> Supplied data

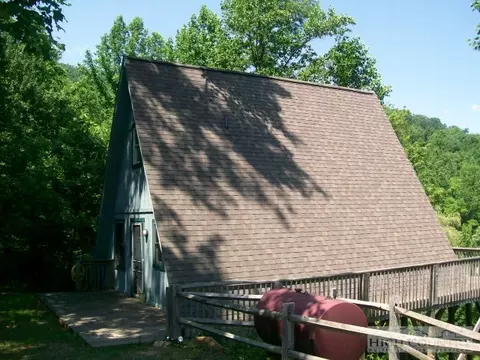 142 Tinys Mountain Dr, Deep Gap, NC 28618 photo 1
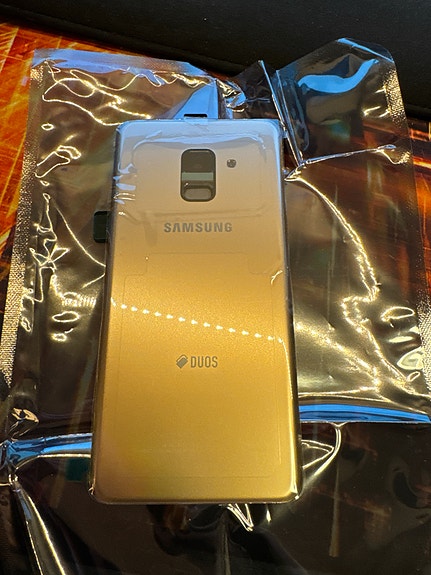Samsung Galaxy A8 2018 Back rungo - kulta / 2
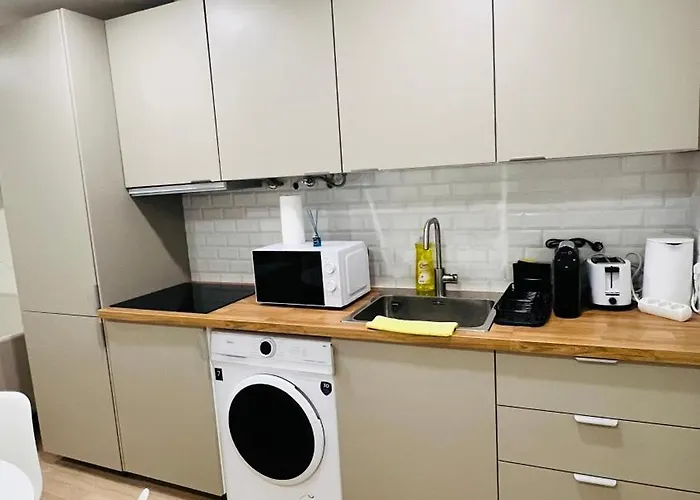 Διαμέρισμα - *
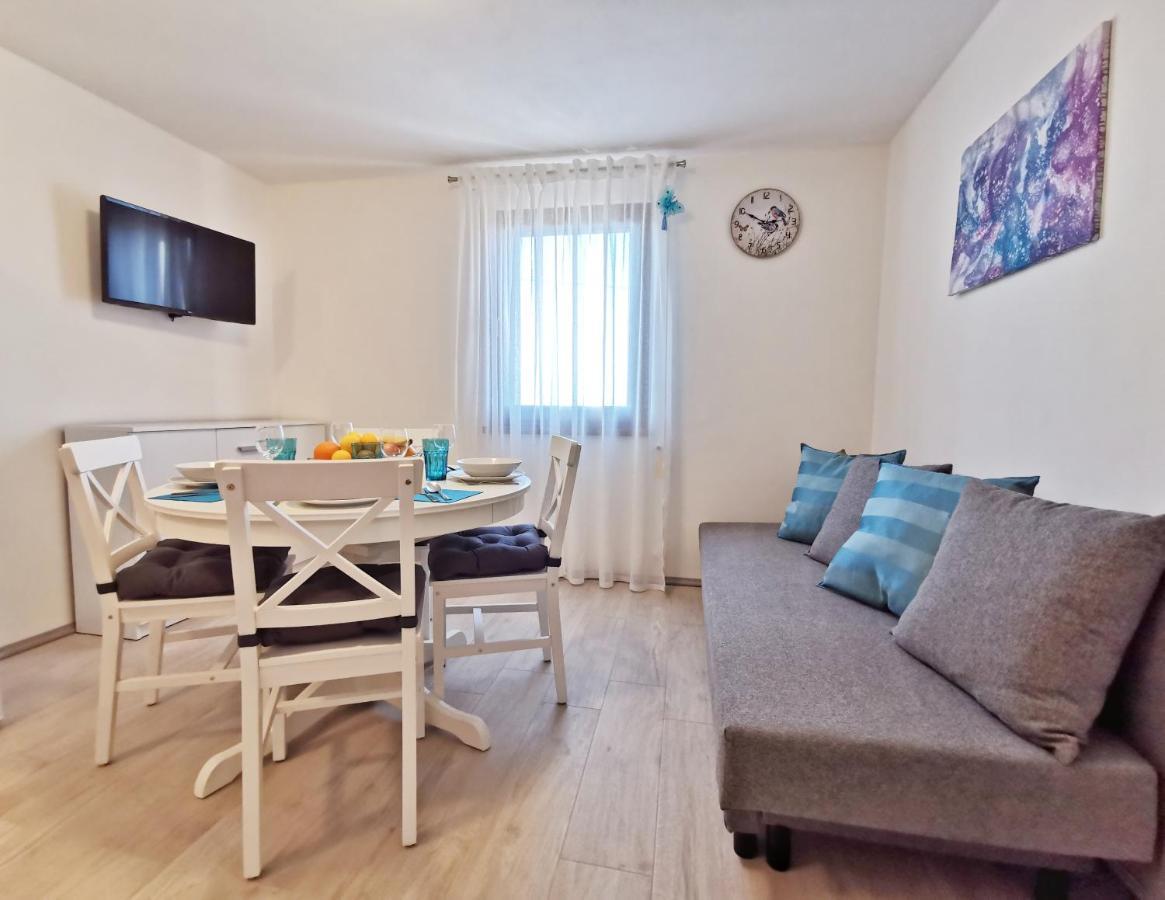 Marina Apartment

> Assignment
Apart from the pictures, every line of the data above should be given again exactly.

> Answer section
 142 Tinys Mountain Dr, Deep Gap, NC 28618 photo 1
Samsung Galaxy A8 2018 Back rungo - kulta / 2
 Διαμέρισμα - *
 Marina Apartment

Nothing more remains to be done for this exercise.